I suspect you might not have a clue what undermining a democracy entails. It's not words that undermine a democracy, but the crushing of freedom to act, to speak, to think, which undermines democracy.

Comment Re:WSJ is owned by NewsCorp now, right? (Score 1) 231

By only running three or four hours of news every day, they don't have to sensationalize news in-general just to survive, the bulk of their other programming does that for them.

Well, that and their ability to regenerate crime sprees on the fly. I've seen a number of such stations which don't go beyond reading the local crime blotter and cute pet stories.

Comment Re:wrong (Score 1) 385

Well, I've been READing and UNDERSTANDing you and I have yet to see an actual fact backing your assertion that the tax is regressive. If we actually look at the proposed mechanics of the tax, it's a a flat tax on everything past a certain base amount. That right there makes it slightly progressive. And that's pretty much it.

Comment Re:Socialist here (Score 1) 385

There's just no way a weak, decentralized govt can stand up against a modern corporation.

Except by taking their stuff or putting people in jail, of course. The thing missing in your argument is the vast power differential between even a "weak, decentralized" government and a corporation.

It just doesn't matter to us if the jackboot in our v necks is public or private, so we'll take our chances with the govt and try to hang onto it..

Sure, it does. A business's power is far easier to break.
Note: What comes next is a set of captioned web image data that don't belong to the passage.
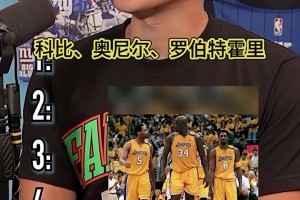 最強(qiáng)三巨頭是？播客采訪：盲排NBA歷史經(jīng)典三巨頭！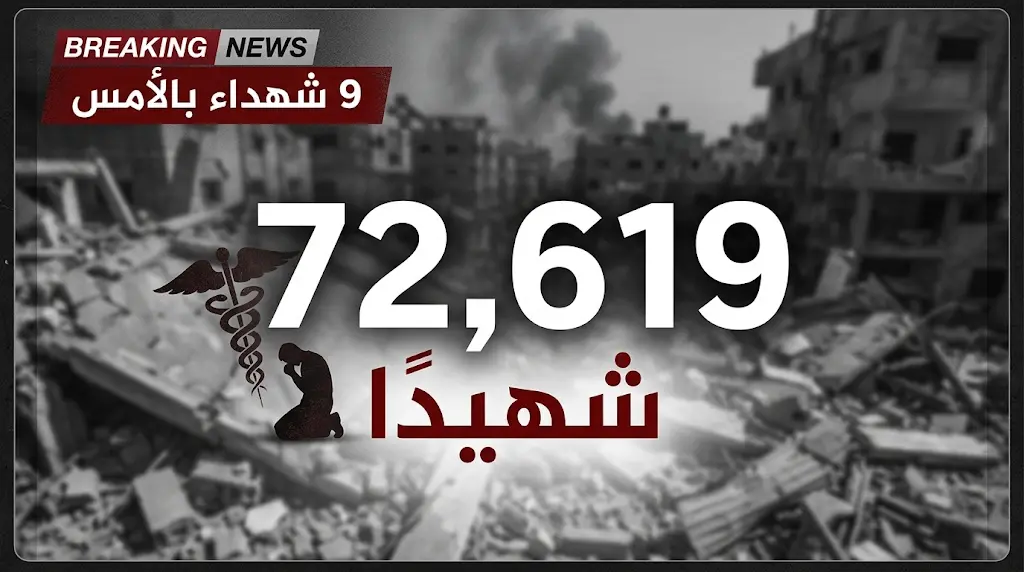 بيان صادم من صحة غزة: حصيلة العدوان ترتفع إلى 72,619 شهيدًا و 172,484 مصابًا منذ 7 أكتوبر.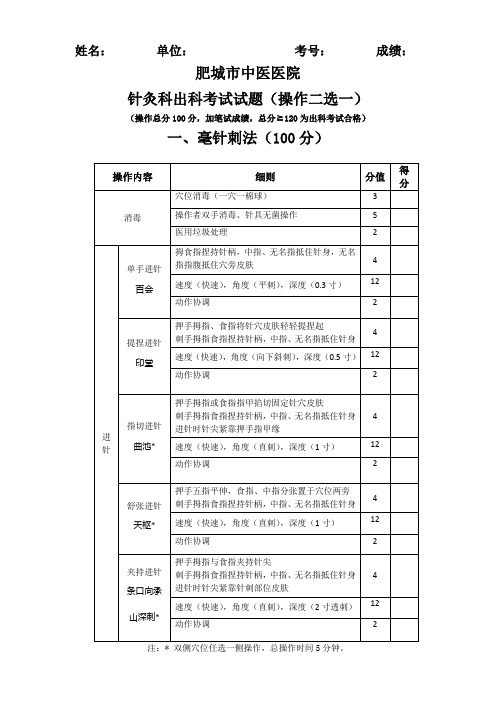 针灸科出科考试试题操作部分及评分标准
Just destroy or take their capital or stop buying their stuff, then they stop making a profit. That jackboot goes away when the business can no longer pay for it. For better or worse a small group of people can considerably harm even a large business, if they target it with effective sabotage or high profile bad publicity.

Comment Re:More than PR (Score 1) 385

I think your analysis is off. I believe democrats see government is a moderation of society, where people come together to create a better society and life for EVERYONE, not just the few wealthiest fucktards that will buy them into office (as the republicans believe), or that only-the-strongest-and fuck-everyone-else as conservative libertarians do

Sure, they do. But over the lifespan of the US the "moderation" usually favors the wealthy and connected. It's only when the public gets particularly outraged that the moderation has anything to do with creating a better society.
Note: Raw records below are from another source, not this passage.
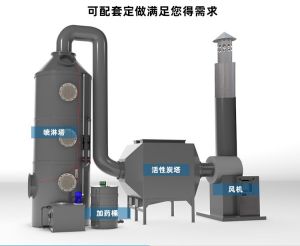 PP Flame Retardant Additive Drum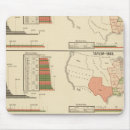 Suche nach tabellen mousepads Lithographisch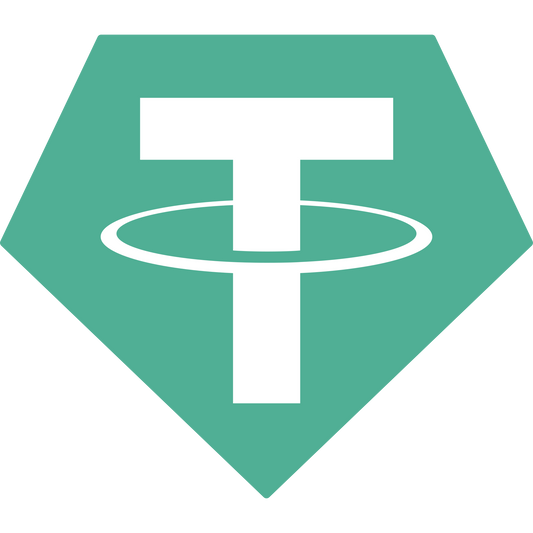 Tether (USDT) (All Networks)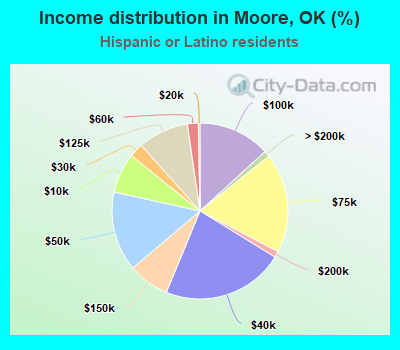 Income distribution in Moore, OK (%)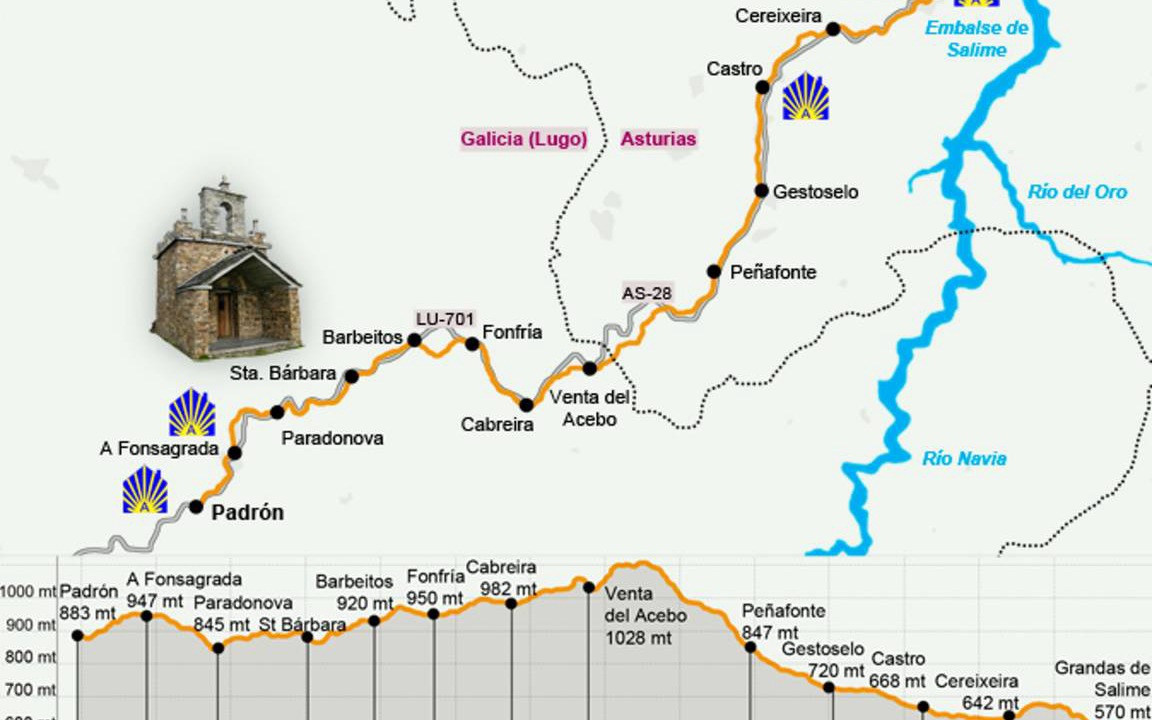 Photo of Others in Grandas de Salime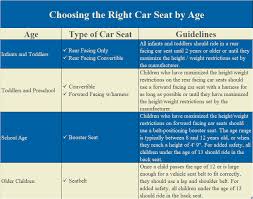 How To Choose The Right Car Seat For Safety Good Works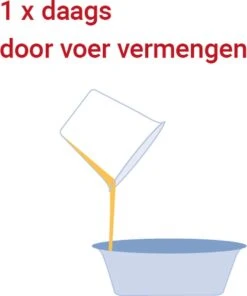 Pharmox Hond & Kat Glucosamine 1000 Ml - Belangrijke Bouwsteen Voor Honden En Katten - Geschikt Voor Ieder Type Hond Of Kat -Huisdierbenodigdheden Korting 1002x1200 4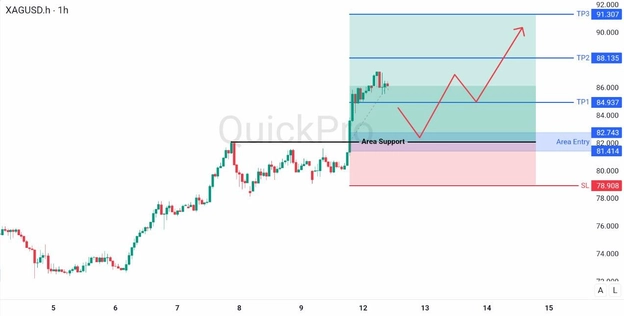analisa hari ini XAGUSD 12 Mei 2026 analisa hari ini XAGUSD 12 Mei 2026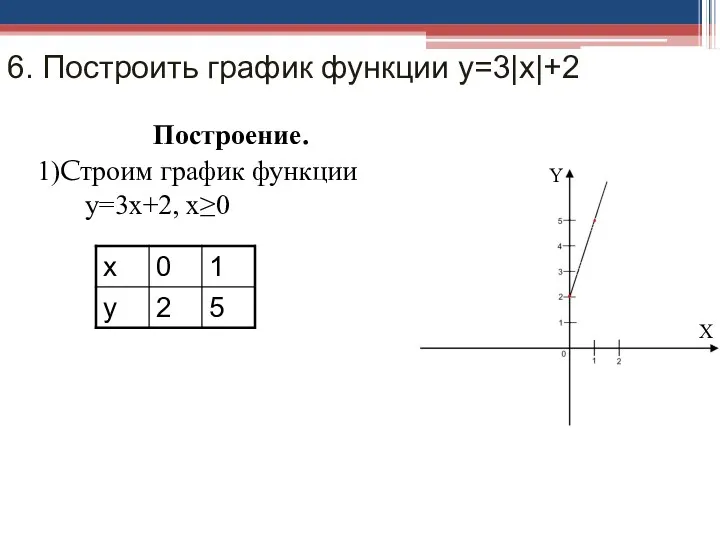 6. Построить график функции у=3|х|+2 Построение. 1)Cтроим график функции у=3х+2, х≥0 Y X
Maybe the biggest reason for the hatred is, libertarians and republicans continue to push policies that simply DO NOT WORK, and actually harm this country, all the while lying through their teeth about the disasters they've created. Clinton had to work to clean up after Reagan (Bush Sr. started that cleanup, and the GOP threw him out), and Obama has had to work to clean up from Bush Jr. Red states are leeches off the federal coffers, while blue states have to dole out money to help the sad sack red states who apparently don't have bootstraps of their own. All the while republican politicians lie like bitches so they can HAVE POWER.... instead of actually govern the country for the betterment of everyone.

The obvious rebuttal is twofold. First, one would expect in a democracy for those who don't desire government action in their lives to require a larger bribe than those who do. It's standard supply and demand in a democracy.

Second, where is the money going? Just because, say, West Virginia gets money for a high tech emergency command center or money to back bonds for an interstate (hypothetical examples) doesn't mean that the money goes to West Virginia networking equipment manufacturers or the fees for managing the sale of said bonds go to West Virginia brokers. There's a lot of blue state participation in red state spending.

I call your bluff here. By all means, cut funding to those disrespectful, slothful red states. Of course, your "moderation of society" will be cut in retaliation. That's win-win for me.